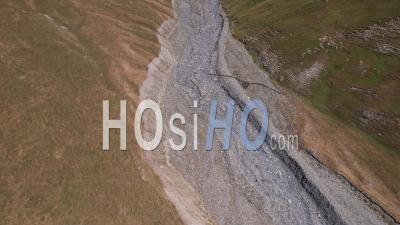 Bed Of A Dry Mountain Torrent (summer Drought) In Summer, Hautes-Alpes, France, Viewed From Drone
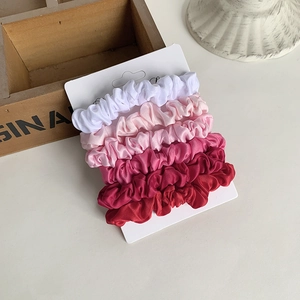 Detailed view of five gradient satin scrunchies in shades of pink on a white display card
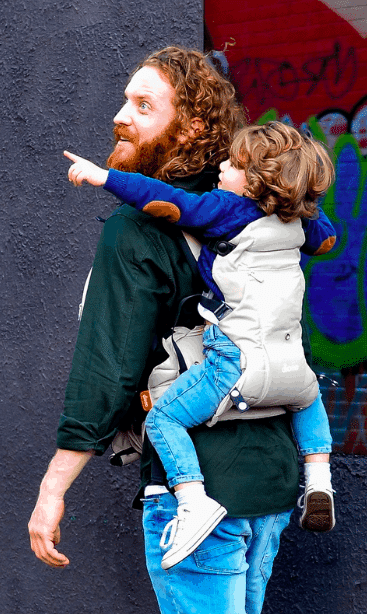 dad carrying toddler on his back babywearing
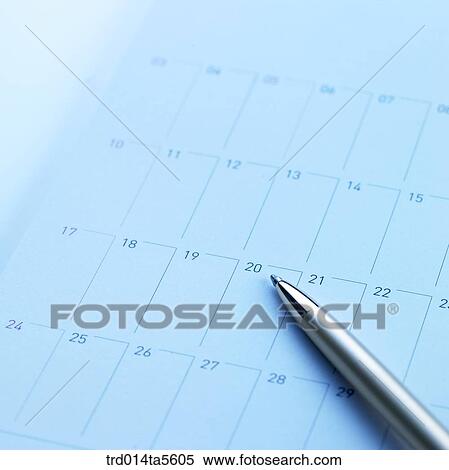 Stock Photography - office things/a calendar and a pen. Fotosearch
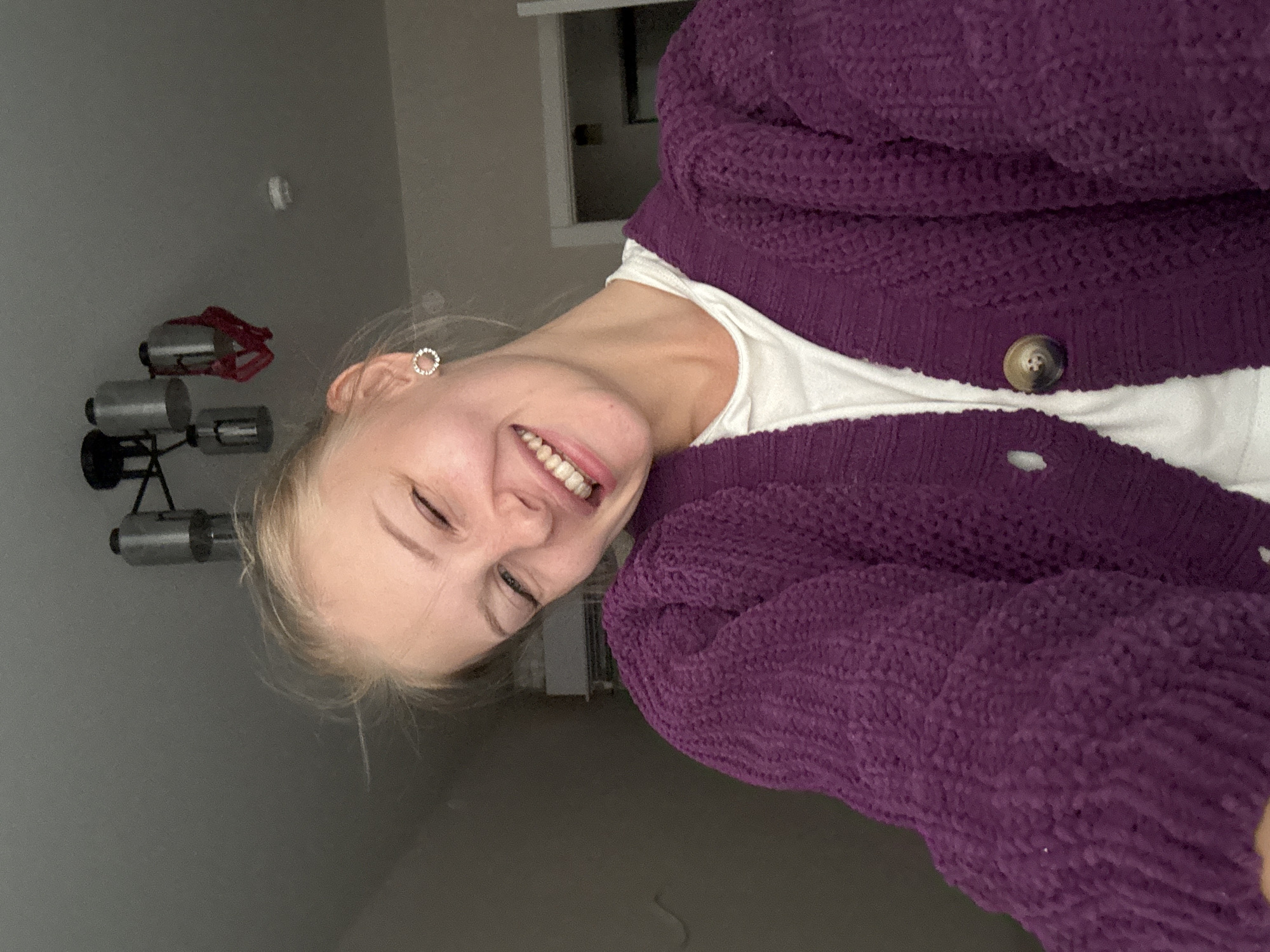 The image shows a young Caucasian woman with blonde hair and fair skin, winking and smiling. She is wearing a purple knitted cardigan over a white t-shirt and small circular earrings. The background is a room with a grey ceiling, a chandelier, and a door. The image is a selfie taken indoors. It is not possible to determine the location in the city of Perm, Russia, from the provided image.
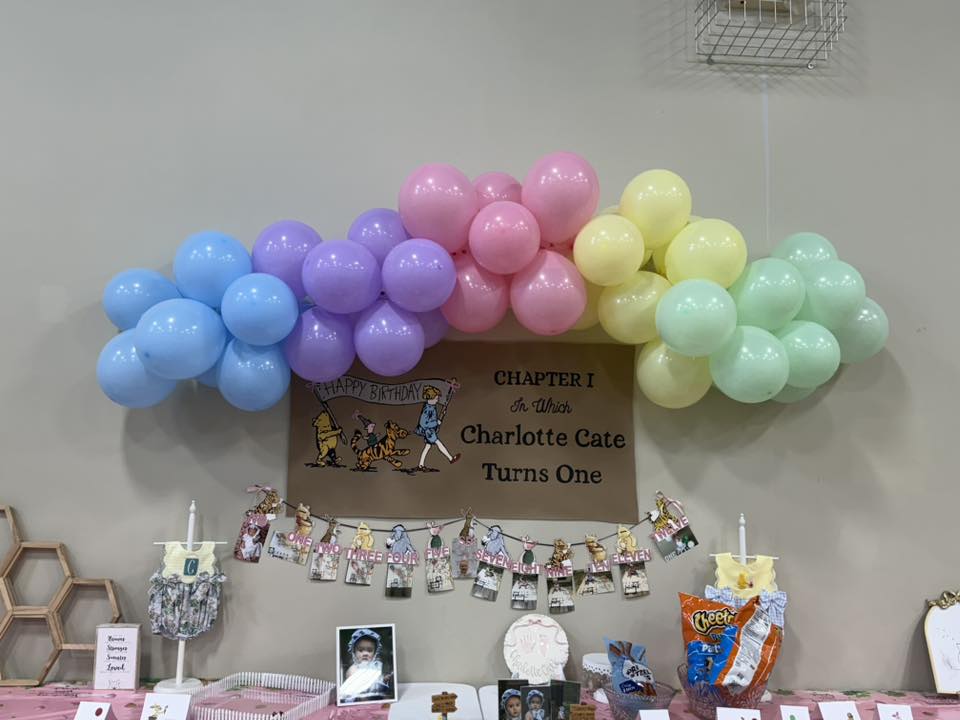 Pastel balloon arch and Winnie the Pooh themed first birthday party decor for Charlotte Cate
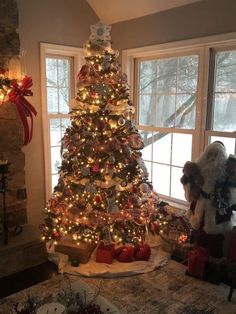 a decorated christmas tree in a living room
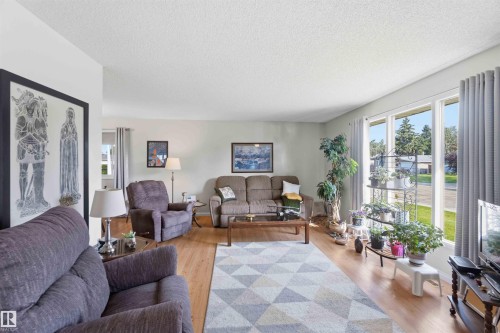 Wood-finish flooring, light-toned wall paint, large windows with neutral drapes, and a textured ceiling - 30 Cavanagh Crescent, Stony Plain, AB - Indoor Photo Showing Living Room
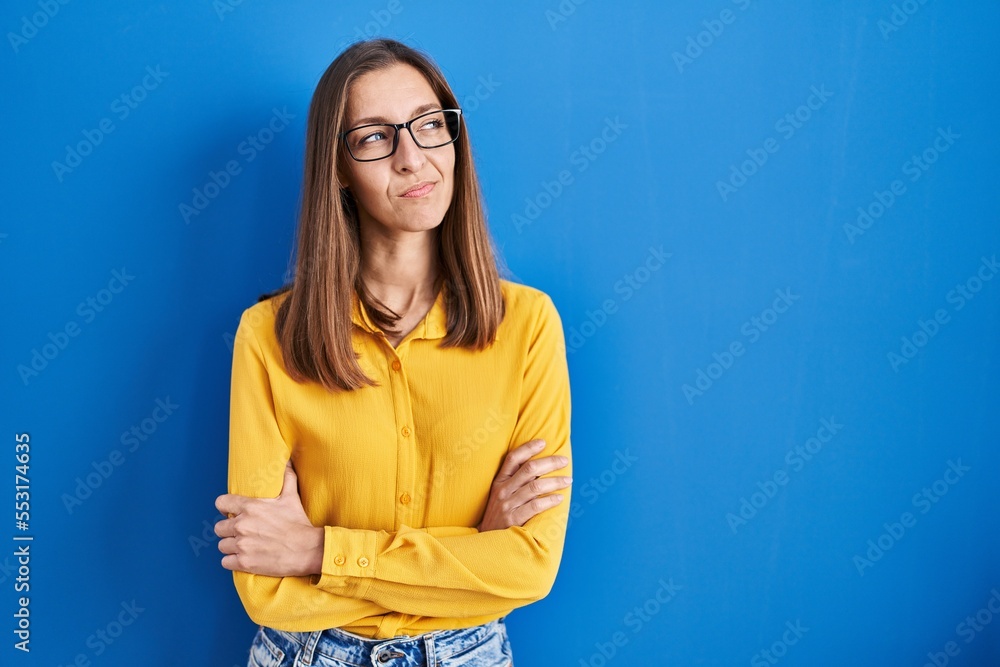 Obraz premium Young woman wearing glasses standing over blue background smiling looking to the side and staring away thinking.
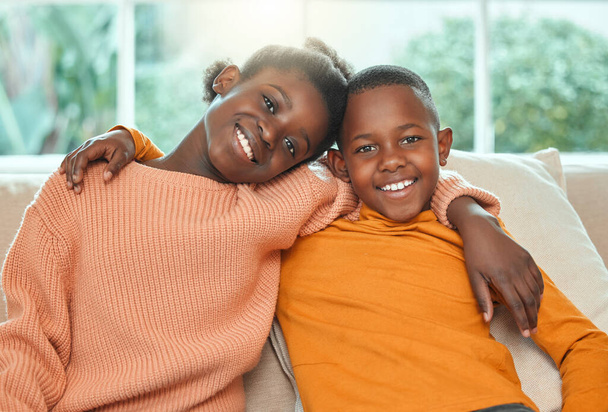 Portrait of a brother and sister relaxing together on a sofa at home. - Photo, image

_EXERCISE OBJECTIVE_
Could you write out again, exactly, the lines from the line containing "a decorated christmas tree in a living room" through the last line of the records above? Leave out the pictures.

_RESPONSE_
 a decorated christmas tree in a living room
 Wood-finish flooring, light-toned wall paint, large windows with neutral drapes, and a textured ceiling - 30 Cavanagh Crescent, Stony Plain, AB - Indoor Photo Showing Living Room
 Obraz premium Young woman wearing glasses standing over blue background smiling looking to the side and staring away thinking.
 Portrait of a brother and sister relaxing together on a sofa at home. - Photo, image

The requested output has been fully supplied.